İnsanın gelecekten ve teknolojik gelişmelerden korkmaması gerektiği, insanların ileride bu teknolojik güç sayesinde rahat edebilecekleri düşünülmelidir. Ancak insanoğlunun bitmek bilmeyen hırsı, arzusu nedeniyle beyazperdede gördüğümüz gelecek tasvirleri çok da “imkansız” gözükmüyor. “Evrim” nihayetinde kendisini sorgulayan bir film. Yönetmen Wally Pfister, gelecek tasvirini, ve evrimin getirisini, götürüsünü aktarırken diğer formattaki filmlere oranla daha farklı bir bakış açısı sergilemiş. Direkt olarak bir yerden konuyu odağına almıyor. İnsan duygularını da işin içine katarak sınırsız bilgi, güç, sevgi, hırs gibi pek çok dinamiği de evrimin içine yediriyor. Keza geleceğimiz noktanın farklı veryasyonları olabilir.
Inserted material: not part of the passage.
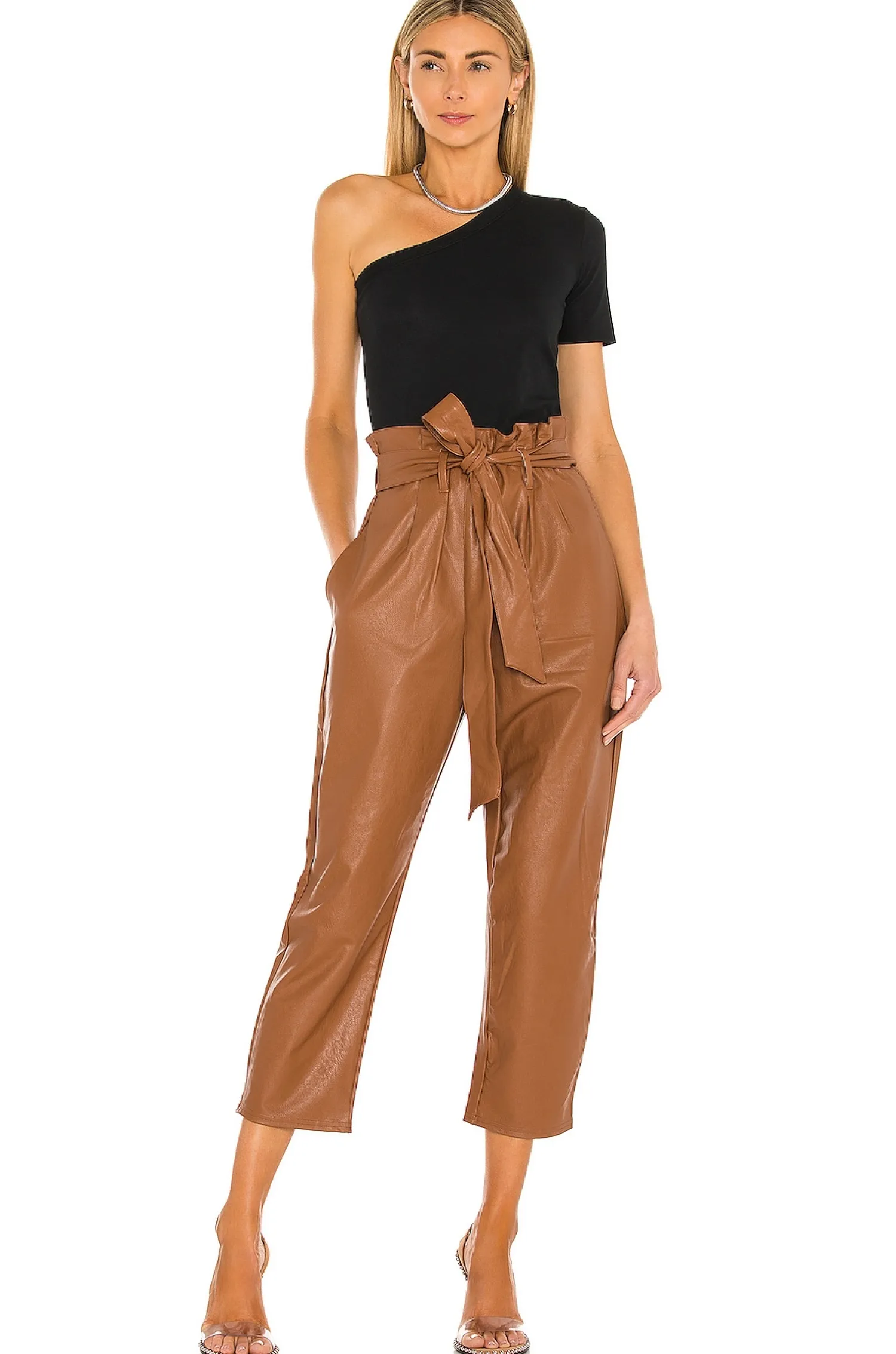 Women Commando Pants>Faux Leather Paperbag Pant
Nihayetinde Will’in karakteri bile dijital de olsa nihai sonucu anlıyor ve onun kendini sorgulaması bile bizi derin düşüncelere sevk etmeye yetiyor. Sonuçta Will’in yaratmak istediği ve kendi deyimiyle “tüm insan duygularını kapsayacak bir varlık” teoride çok faydalı gözükse de acaba pratiğe dökülse sonuçları ne olur diye sormamıza nende oluyor. Hatta filmde sanal dünyanın gerçeği kapsaması finalde duygusal bir çöküş ile son buluyor. Bu da sinema salonunu terk ederken teknolojiyi, geleceği, ve “acaba?” sorusunu sorduruyor, içselleştiriyor ki bu da sinemanın bize sunduğu en güzel hediyelerden birisi. Sonuç itibarı ile “Evrim” belki daha önce sorulmuş soruları yeniden ısıtıyor, seyirci bildiği olası bir geleceği yeniden hafızasında canlandırıyor. Ancak daha pek çok kez beyazperdeye uyarlanması olası bu konuyu, zengin oyuncu kadrosu ile birlikte izlemeye değer.